=== What you have to do ===
Omit any picture, and return the remaining data exactly as written.

=== Data provided ===
══════

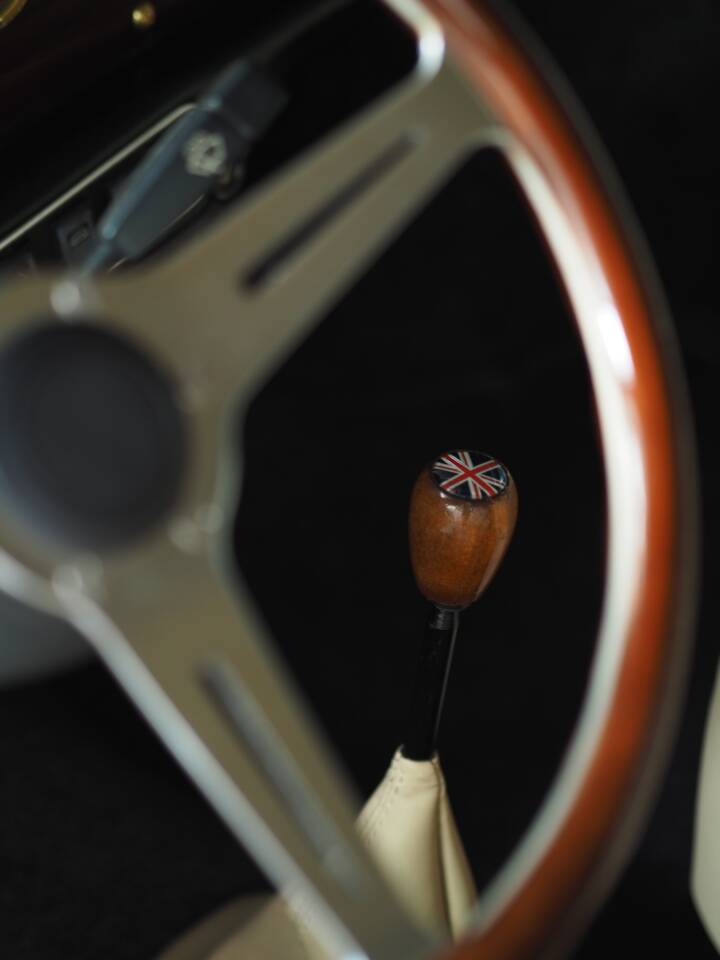 Immagine 36/43 di Austin Mini Mayfair (1986)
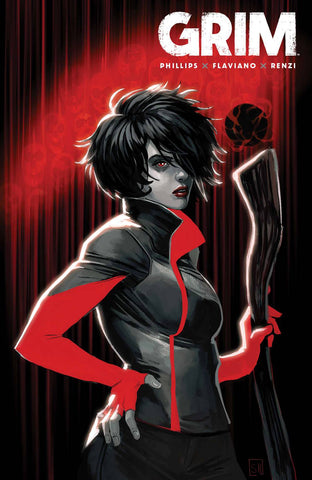 GRIM #2 Hans Variant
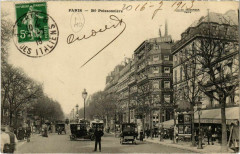 Paris 9e - Boulevard Poissonniére  -
																					75009 Paris 9e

══════

=== Response box ===
 Immagine 36/43 di Austin Mini Mayfair (1986)
 GRIM #2 Hans Variant
 Paris 9e - Boulevard Poissonniére  -
																					75009 Paris 9e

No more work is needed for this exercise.